Laurent Ajina The Perfect Line?
Dam, Stuhltrager Gallery March 21 - April 20, 2008
Vacuum cleaners, sewing machines, chairs, guns. These are just a few of the objects I envisioned while looking at Laurent Ajina’s works in his recent solo show at Dam, Stuhltrager. I also saw transformers and large factories. I even thought I glimpsed an entire city.
Ajina’s works possess an immense power of evocation. Abstract line drawings in paint marker on canvas or paper, they forever suggest the trappings of everyday life, but consistently refuse to concede to them. They engage with the viewer’s imagination but refuse to be bounded by it. They are formations of lines that feel frenetic and yet carefully executed.
Ajina’s show, his first in the United States, is an exciting three-room endeavor. The artist flew in himself to install it, resulting in an exhibition that, at its best, enhances the dynamism of the works through an innovative set-up. This is most apparent in the gallery’s front room, where Ajina’s unframed canvases hang randomly around the space, some butting against top corners and others situated more classically in the middle of walls.

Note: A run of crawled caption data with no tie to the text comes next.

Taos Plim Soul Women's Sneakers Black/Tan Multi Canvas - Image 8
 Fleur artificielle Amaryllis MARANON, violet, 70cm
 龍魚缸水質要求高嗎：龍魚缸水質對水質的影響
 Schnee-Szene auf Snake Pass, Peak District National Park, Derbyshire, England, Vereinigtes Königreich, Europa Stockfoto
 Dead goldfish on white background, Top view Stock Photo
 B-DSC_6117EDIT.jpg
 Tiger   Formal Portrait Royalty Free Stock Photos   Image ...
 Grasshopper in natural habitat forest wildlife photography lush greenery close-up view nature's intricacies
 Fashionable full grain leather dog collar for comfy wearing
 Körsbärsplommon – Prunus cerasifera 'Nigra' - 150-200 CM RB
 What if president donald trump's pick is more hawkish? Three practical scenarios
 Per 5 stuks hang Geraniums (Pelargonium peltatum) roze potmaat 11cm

In this room, the artist’s lines are not confined to the canvases but instead trail off onto the walls and windows. The whole space becomes a work of art, toying with the idea of absence versus presence—are the walls the primary focus, with a few smaller works serving as interruptions, or are the canvases pieces of a larger whole that is hidden behind the wall? Where are we meant to focus our attention? Foreground and background exchange places, leaving the viewer to consider the shifting nature of reality, which for Ajina, is rooted in perception. In much the same way that the drawings themselves suggest forms and objects but never actualize them, the room suggests possible set-ups and realities but never commits to one.
The second room features one unframed work and four framed ones. Their display still departs from a typical gallery presentation but doesn’t quite maintain the dynamism of the front room. The frames around the drawings here inhibit the works, containing their energy rather than liberating it. The works are strong enough to stand on their own, but the frames impose a distance between the lines and the viewer. We can envision the objects encapsulated in the drawings and sense their energy, but we can’t quite get lost in them.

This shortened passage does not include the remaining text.